Obviously I write reviews.

I am in no way qualified to give any writer an in depth critique of their work... nor would I want to. Everything I write and rate on my blog is based purely on my own opinion as a reader, and each review is a description of what I took away from the book (as well as usually a list of characters and who they were, just for my own sake of having one somewhere... you have no idea how hard it is to find comprehensive lists of characters -_-)

When I write a review, unless there is something technically jarring (and it's got to be pretty darn jarring for me to notice it), I usually won't mention it. I sometimes talk about how well the prose flow, but for me, that's part of the reading experience. I'll also sometimes mention something technical, writing-wise, that pulls me out of a story, but again, it was part of the reading experience for me, so I mention it.

I do this for fun, and I do this for myself... to have a journal of what I've read with more detail jotted down than I likely would have remembered just from recall a few years later.

I don't network my blog to get my stuff seen, I do it because being connected to all of these other readers and authors offers me a wider perspective on what is being released, and what is going on in the literary world.

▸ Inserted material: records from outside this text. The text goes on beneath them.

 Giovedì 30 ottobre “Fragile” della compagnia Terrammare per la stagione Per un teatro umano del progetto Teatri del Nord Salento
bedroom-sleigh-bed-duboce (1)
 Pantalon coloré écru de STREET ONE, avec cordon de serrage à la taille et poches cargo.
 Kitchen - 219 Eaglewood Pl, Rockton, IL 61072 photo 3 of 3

I've learned about dozens and dozens of books that I'm pretty sure I never would have heard of or looked at, and it's all because of book blogging.

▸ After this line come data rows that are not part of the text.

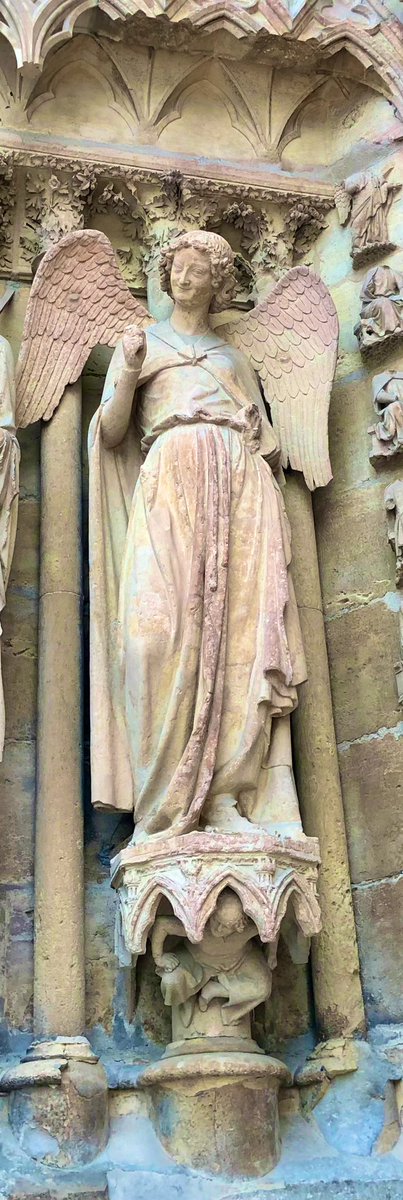 carolyn_ra's tweet photo. O Lord, grant us a quiet night and a peaceful end. #Compline #SmilingAngel of Reims watch over us this eve. https://t.co/eBnSH8fP3A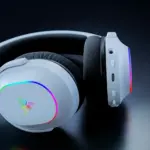 Razer Barracuda X Chroma Wireless Multi-Platform Gaming Headset  - White - Image 4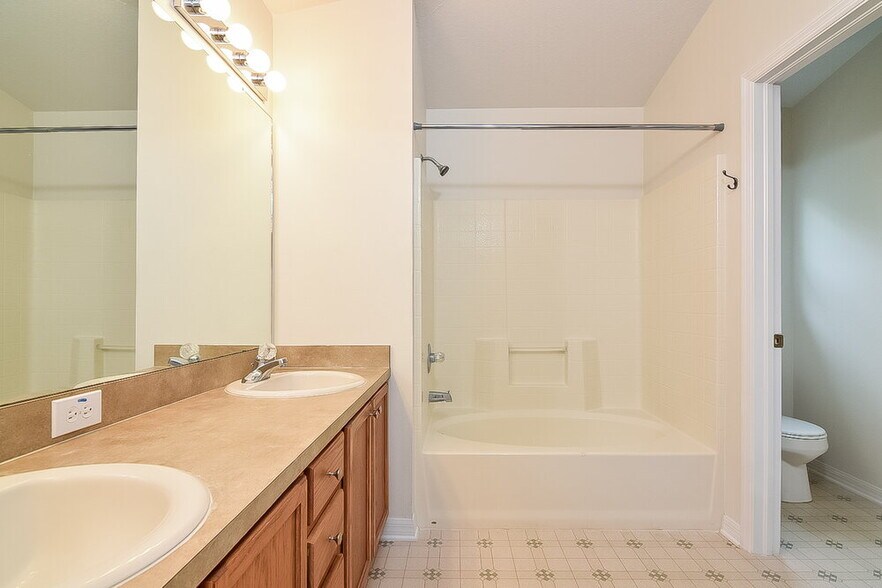 Building Photo - 10138 Perthshire Cir
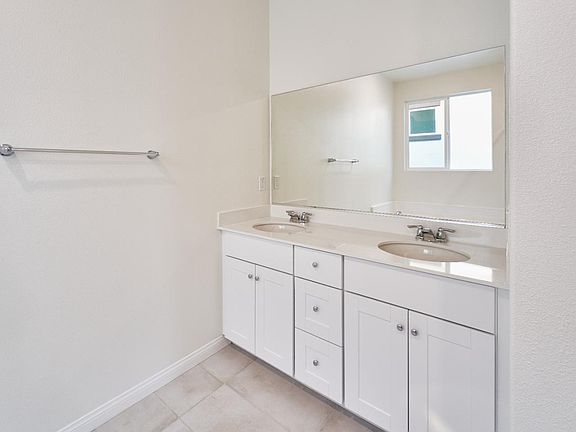 2nd image of 729 Daniel Freeman Cir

I am eternally grateful to the blogging community for helping me stay connected, for keeping up on the trends, and for keeping up on news that I just don't have the time to always seek out myself.

Also, just as a side note, I found this article because it was linked to a manga review in which someone left a comment slamming the reviewer, saying:
Was this written by a preteen? There’s no critical view, no actual structure or argument or thesis, just “i like this” and “then this happened, then this happened, ooh those characters look naughty.” It’s posts like this which make it difficult to take HU seriously, especially the slew of scornful posts on Eddie Campbell’s critical abilities. Not that I agree with Campbell but how is HU any different in being fanboying dressed up as criticism? Certianly not with insipid posts like this.

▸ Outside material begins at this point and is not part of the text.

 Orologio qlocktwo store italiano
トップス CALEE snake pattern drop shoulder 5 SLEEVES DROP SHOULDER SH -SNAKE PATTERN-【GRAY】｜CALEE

Now, for me, when I read reviews, I want to hear the "I like this" and the fanboy/girling... for me, that's what reviews are about, public opinions... and that's why I think Budroe's article on review vs. critique is so good... it really points it all out in a very concise way.

I think it is up to us as readers and bloggers to get to know the people who are writing these blog reviews, so that we can better judge how well their opinions mesh with our own.

Monday, March 25, 2013

Scent of Magic by Maria V. Snyder

Scent of Magic
Book 2 in the Healer Series
by Maria V. Snyder
I'm confessing right now, these books (as in, ANY Maria V. Snyder book) are my guilty pleasures. Are they the best stories in the world? No. Are the main characters terrible Mary Sues? Yes. But are they fun and fast reads anyways? Hell yes. If you're looking for the most beautiful, amazing fantasy you've ever read, this isn't it. If you're looking for a fun, fast read in which you can sit back and just enjoy a goofy story... this is for you. I would absolutely send these books along and share them with people I know would enjoy them. Are they the people who read things like Tolkien or George R. R. Martin? Abercrombie or Cook? No. Are they the kind of people who enjoy authors like Condie, Meyers and Evonavitch? Yes, and that is not a criticism.

If you have not read TOUCH OF POWER (BOOK 1)
do not read this review, there are spoilers.

Amazon Synopsis:
As the last Healer in the Fifteen Realms, Avry of Kazan is in a unique position: in the minds of friends and foes alike, she no longer exists. Despite her need to prevent the megalomaniacal King Tohon from winning control of the Realms, Avry is also determined to find her sister and repair their estrangement. And she must do it alone, as Kerrick, her partner and sole confidant, returns to Alga to summon his country into battle.
Though she should be in hiding, Avry will do whatever she can to support Tohon's opponents. Including infiltrating a holy army, evading magic sniffers, teaching forest skills to soldiers and figuring out how to stop Tohon's most horrible creations yet: an army of the walking dead—human and animal alike and nearly impossible to defeat.
War is coming and Avry is alone. Unless she figures out how to do the impossible…again.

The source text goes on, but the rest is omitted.